Looking at these plots, we can see that the sandwich method results in a wider interval, on average, for \(\beta_1\). In terms of coverage, the sandwich estimator achieves near nominal coverage for both parameters, while there is moderate undercoverage for \(\beta_1\) using the model-based estimator.
The bootstrap is another popular approach to estimating standard
errors. We can add a bootstrap method and use update_sim
to
run the new simulation replicates without re-running any of our previous
work. All we need to do is include the new estimator in our simulation
levels. Since the bootstrap can be computationally intensive, we will
use parallelization to speed things up. This requires us to specify the
option parallel = TRUE
in set_config
. (Even
with parallelization, update_sim
will likely take a few
minutes to run.)
bootstrap_vcov <- function(data) {
mod <- lm(y~x, data=data)
boot_ests <- matrix(NA, nrow=100, ncol=2)
for (j in 1:100) {
indices <- sample(1:nrow(data), size=nrow(data), replace=TRUE)
boot_dat <- data[indices,]
boot_mod <- lm(y~x, data=boot_dat)
boot_ests[j,] <- boot_mod$coefficients
}
boot_v1 <- var(boot_ests[,1])
boot_v2 <- var(boot_ests[,2])
return(list("coef"=mod$coefficients, "vcov"=c(boot_v1, boot_v2)))
}
sim %<>% set_levels(
estimator = c("model_vcov", "sandwich_vcov", "bootstrap_vcov"),
n = c(50, 100, 500, 1000)
)
sim %<>% set_config(
num_sim = 500,
seed = 24,
parallel = TRUE,
n_cores = 2,
packages = c("sandwich")
)
sim %<>% update_sim()
#> Done. No errors or warnings detected.
Now that we have the bootstrap results included in our simulation object, we can look at the updated results.

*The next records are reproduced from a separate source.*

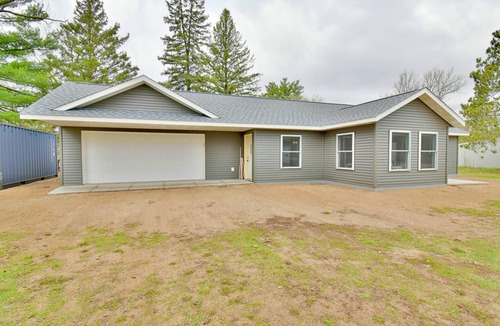Pine River House | Charming 3-bedroom 2-bath house on Paul Bunyan State Trail in Pine River.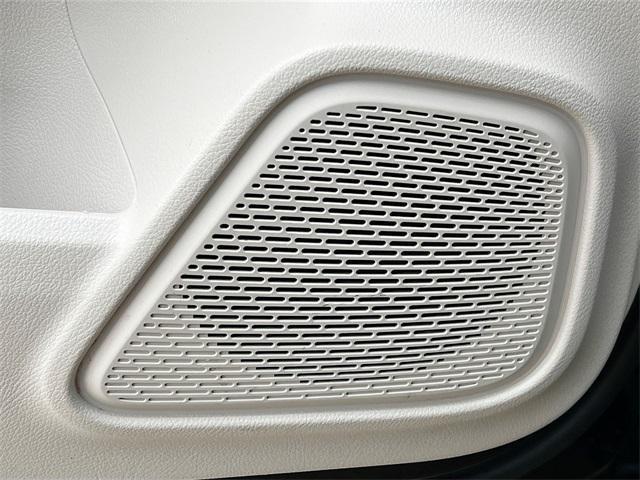 used 2021 Mercedes-Benz GLB 250 car, priced at $26,950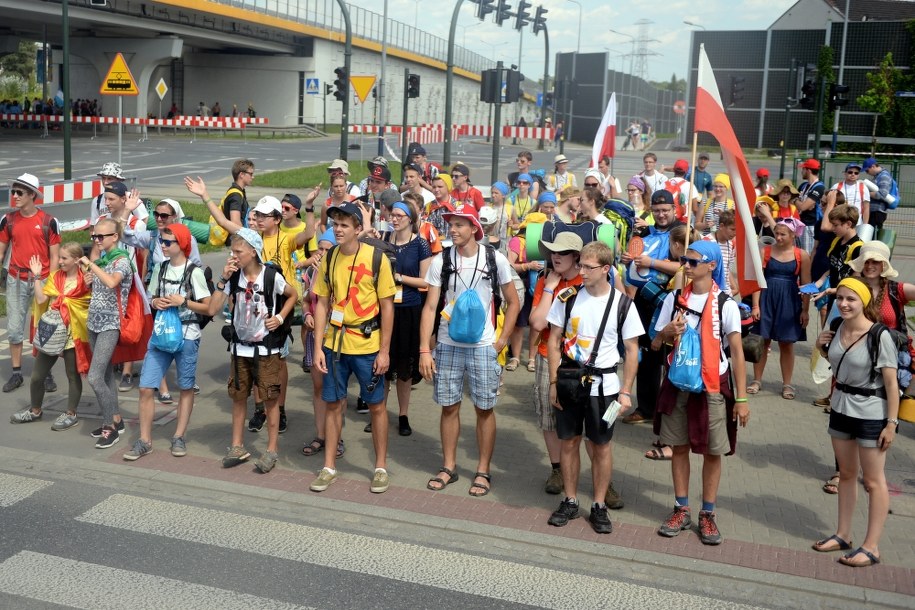 Pielgrzymi w drodze z Krakowa do Brzegów /Darek Delmanowicz /PAP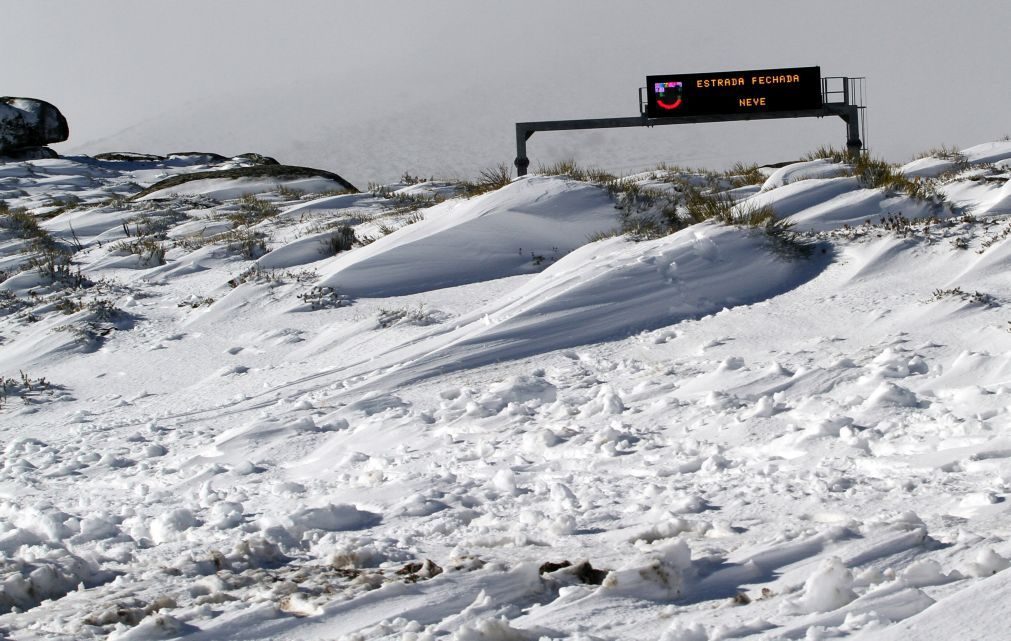 Voluntários vão recolher lixo deixado durante o inverno na Serra da Estrela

summarized_results <- sim %>% summarize(
list(stat="mean", name="mean_se_beta0", x="beta0_se_est"),
list(stat="mean", name="mean_se_beta1", x="beta1_se_est"),
list(stat="coverage", name="cov_beta0", estimate="beta0_est",
se="beta0_se_est", truth=-1),
list(stat="coverage", name="cov_beta1", estimate="beta1_est",
se="beta1_se_est", truth=10)
)
plot_results("width", 3)
Like the sandwich estimator, the bootstrap results in wider intervals for \(\beta_1\), but is much closer to achieving 95% coverage compared to the model-based estimator.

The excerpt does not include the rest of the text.